The relationship between absorbed and ingested inorganic phosphorus is linear over wide ranges of intake and the slopes indicate A_P of about 0.74 in weaned sheep (Braithwaite, 1986) and 0.83 in weaned calves (Challa et al., 1989). Furthermore, these high levels of A_P can be attained with indigestible natural sources, such as straw (Ternouth, 1989) and dry, summer forage (Coates and Ternouth, 1992), though less so with bran (0.63; Field et al., 1984). The P_P present in the form of inositol tetra-, penta- and hexa- phosphates in straw and seeds is extensively hydrolysed in the rumen by microbial phytase and phosphate is thus released (Reid et al., 1947; Nelson et al., 1976; Morse et al., 1992). There are marginal but quantitatively important increases in A_P in the phosphorus-deficient animal (Scott et al., 1984, 1985;

Coates and Ternouth, 1992) and small decreases at excessive phosphorus intakes (Braithwaite, 1984b; Challa et al., 1989). Phosphorus is absorbed principally from the proximal small intestine (Bown et al., 1989; Yano et al., 1991).

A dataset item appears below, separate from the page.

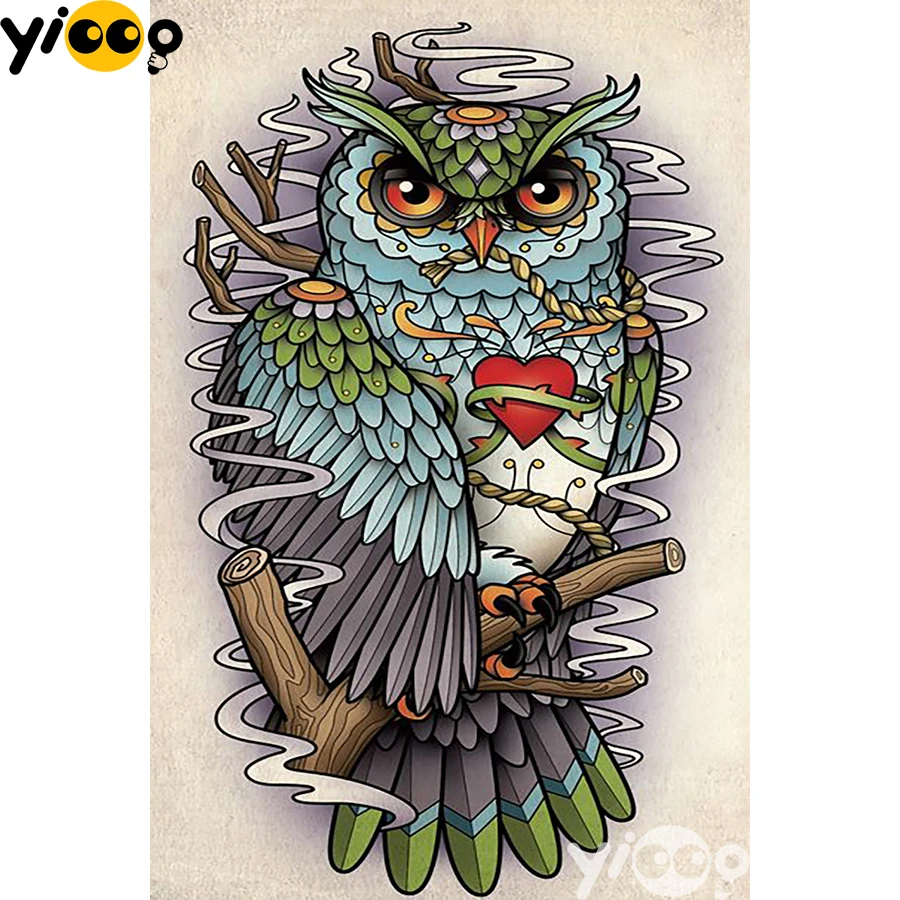Full Square/Round Drill Diamond Painting Cross Stitch Embroidery Owl on a branch Rhinestone Mosaic Home Decor Gift AX2544
Full Square/Round Drill Diamond Painting Cross Stitch Embroidery Owl on a branch Rhinestone Mosaic Home Decor Gift AX2544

Non-ruminants are dependent on the presence of phytases found either in the grains themselves or in intestinal secretions to utilize phytate phosphorus.

Undegraded phytate can be extensively converted to insoluble mineral–

phytate complexes before the site of phosphorus absorption is reached, thus lowering the amount absorbed. Older animals have a greater ability than younger to digest phytate. Adverse effects of calcium–phytate interactions on the absorption of manganese and zinc have been widely demonstrated (Biehl et al., 1995) and are considered in later chapters.